*Stored data*:
◆ ◆ ◆ ◆ ◆

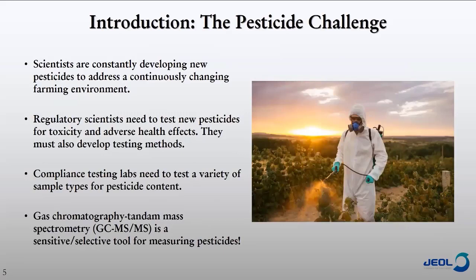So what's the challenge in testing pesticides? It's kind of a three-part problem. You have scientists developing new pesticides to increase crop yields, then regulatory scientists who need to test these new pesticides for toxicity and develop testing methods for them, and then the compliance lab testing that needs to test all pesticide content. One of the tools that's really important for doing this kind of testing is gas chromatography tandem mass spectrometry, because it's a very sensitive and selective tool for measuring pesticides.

◆ ◆ ◆ ◆ ◆

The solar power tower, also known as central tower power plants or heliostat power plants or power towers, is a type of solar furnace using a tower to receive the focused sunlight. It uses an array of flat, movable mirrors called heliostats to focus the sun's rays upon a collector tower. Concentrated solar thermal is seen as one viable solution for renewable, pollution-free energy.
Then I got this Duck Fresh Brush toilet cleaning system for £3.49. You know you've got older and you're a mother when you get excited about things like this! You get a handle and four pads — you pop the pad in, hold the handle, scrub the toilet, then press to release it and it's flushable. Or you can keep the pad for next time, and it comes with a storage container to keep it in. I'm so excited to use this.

◆ ◆ ◆ ◆ ◆

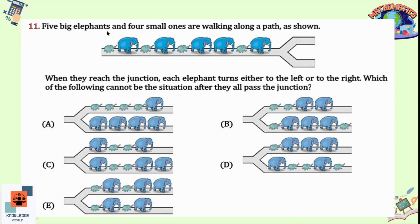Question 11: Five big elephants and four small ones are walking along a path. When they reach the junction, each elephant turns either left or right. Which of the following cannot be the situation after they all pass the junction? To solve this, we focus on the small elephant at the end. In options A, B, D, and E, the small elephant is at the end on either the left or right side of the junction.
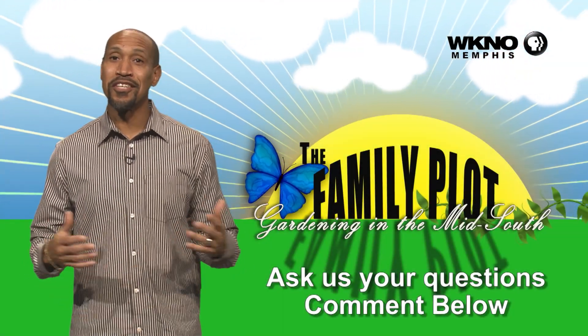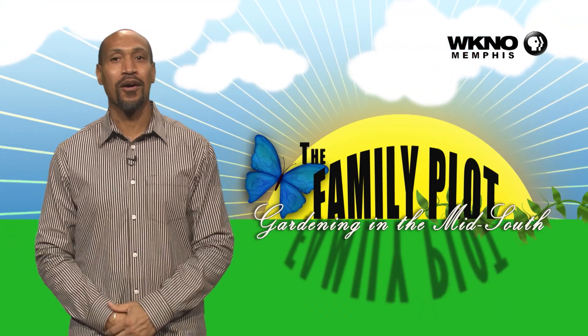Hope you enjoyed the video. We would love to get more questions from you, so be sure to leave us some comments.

◆ ◆ ◆ ◆ ◆

*Your goal*: Look above for the line containing "Question 11: Five", then write out every line from there down to the line containing "Hope you enjoyed", that line included, with no pictures.

*Problem solution*:
Question 11: Five big elephants and four small ones are walking along a path. When they reach the junction, each elephant turns either left or right. Which of the following cannot be the situation after they all pass the junction? To solve this, we focus on the small elephant at the end. In options A, B, D, and E, the small elephant is at the end on either the left or right side of the junction.
Hope you enjoyed the video. We would love to get more questions from you, so be sure to leave us some comments.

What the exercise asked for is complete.